1.Bölüm

1.2K 66 37
                                    

      Gamzeli çocuk

Hava yine çok güzeldi. Sabah okula gitmek için kalkıp yaptığım ilk iştir havaya bakmak. Nasıl giyineceğime öyle karar verirdim. Annemin "Masal hala uyanmadın mı?" diye bağırışı bütün düşüncelerimi böldü.
"Uyandım" diye seslenip hemen giyisi dolabıma doğru yaklaştım. Okul kıyafetlerimi giyip yanıma bir hırka alıp çıktım. Salona geldiğimde annem yine mükemmel bir kahvaltıyla karşıladı beni. Kahvaltımı yapar yapmaz evden çıktım.

Okulum evime çok uzak değildi.
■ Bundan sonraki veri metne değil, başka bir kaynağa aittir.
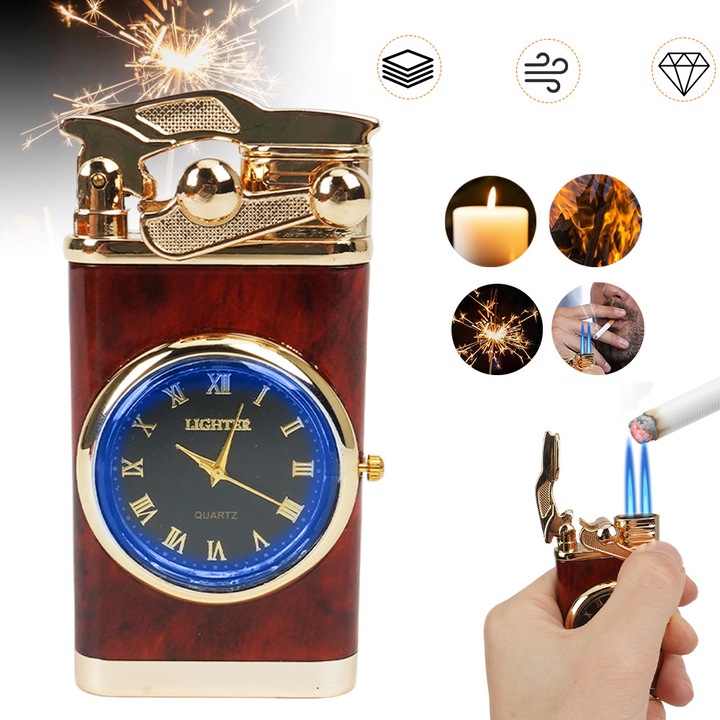 Bricheta Portabila Din Metal, Rezistenta La Vant Cu Flacara Jet, Cadran Luminos Real, Brichete Cu Flacara Reglabil, Bricheta Reincarcabila Cu Butan Pentru Exterior Si Interior, Cadouri Pentru Barbati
Yürümeli mesafe olarak on beş dakika yürümem gerekiyordu. Bunu sürekli sabah sporu diye adlandırırdım. Spor demişken şişman biri olduğumu düşünmeyin, sadece 49 kiloyum. Sürekli kandırırdım hep spor yapıyorum diye ama ihtiyacım olduğunu hiç düşünmedim. Daha 18 yaşındayım ve bence yaşıma göre kilom gayet uygundu. Okulun bahçesine girdiğimde Gamzenin,

"Sonunda geldin." demesiyle düşüncelerim yine bölündü. Of ne yapayım çok düşünüyorum. Gamze'ye

"Sanada günaydın canım." diye sitem ettim. Gamze "günaydın." diye cevap verdikten sonra beraber sınıfa doğru ilerledik.

Sınıfa girer girmez gözlerim Serkan'ı aradı. Sırasına baktığımda hala gelmemiş olduğunu anladım. İçten uzun bir of çekip Gamze'yle beraber kendi sıramıza oturduk. Gamzeyle çok iyi anlaşırdık. Güvendiğim tek arkadaşımdır diyebilirim. Serkanın içeri girip arkadaşlarına selam vermesiyle bakışlarım tamamen ona sabitlendi. Serkan'dan hoşlanıyordum, on ikinci Sınıfın başlarından beri bu böyleydi. Ama üç ay geçmesine rağmen henüz açılmış sayılmam.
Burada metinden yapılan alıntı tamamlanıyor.